Medical experts recommended that women start taking these supplements before getting pregnant, Schmidt said, and the UCD studies have shown the benefits. Children whose mothers did so were less likely to be diagnosed with autism spectrum disorder, had significantly lower autism symptom severity and posted higher cognitive scores as they aged.

It appears to be crucial, Schmidt said, that the fetus have the right nutrients for development starting at conception, and it can take a few months for women to build up stores of nutrients in their system. While folic acid has been shown to be crucial at that early stage of establishing neural pathways, Schmidt said that researchers do not yet know what other vitamins play as vital a role.

She urged women to seek prescription prenatal vitamins because over-the-counter supplements are not regulated by the U.S. Food and Drug Administration. It’s important, Schmidt said, that women know they’re getting what their bodies need.

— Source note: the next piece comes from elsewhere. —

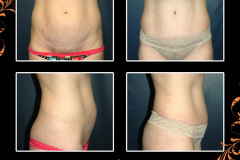 abdominoplasty-3108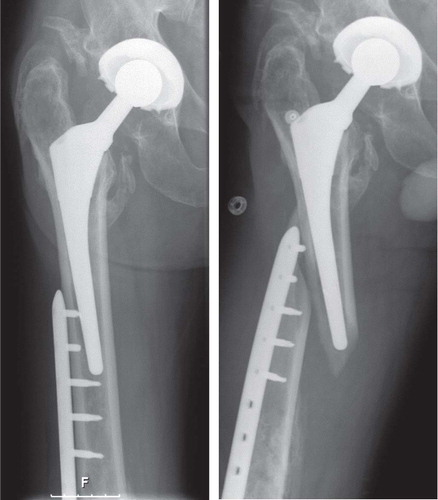 Figure 2. Three patients were reoperated due to failure of fixation. All 3 had experienced a new low-energy fall, with a fracture occurring at the stress-rising area where there was overlap between the plate and the prosthesis.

One in every 59 children in the United States has been diagnosed with some form of autism spectrum disorder, UCD researchers said, and younger siblings of children with the disorder are about 13 times more likely to develop it than the general population. The risk of recurrence is nearly 1 in 5.

If the study results can be replicated, Schmidt said, it implies that genetic susceptibility could potentially be overcome by taking maternal prenatal multivitamins. Doctors recommend that women start taking prenatal vitamins before trying to conceive, but the UCD study found that only about 34 percent of women in the study had started them prior to conception. Virtually all the study participants, 96 percent, had taken prenatal multivitamins, including folic acid, prior to giving birth.

The study’s subjects included:

• Mothers who had a child with confirmed ASD and were planning a pregnancy or were pregnant with another child.

• Younger siblings at high risk for autism born between 2006 and 2015 and who received a diagnosis at age 3.

Schmidt said that some women who already had children with autism were not taking folic acid during their second pregnancies because of inaccurate online reports that it could cause autism.

“When we look at the data on an individual level, there’s really not evidence for that. If anything, it seems to be quite helpful,” Schmidt said. “It was important that we get this message out, that these high-risk families should not be avoiding folic acid supplements or prenatal vitamins in general.”

The latest UCD research was funded by the Allen Foundation, the MIND Institute, the U.S. Environmental Protection Agency and the National Institutes of Health.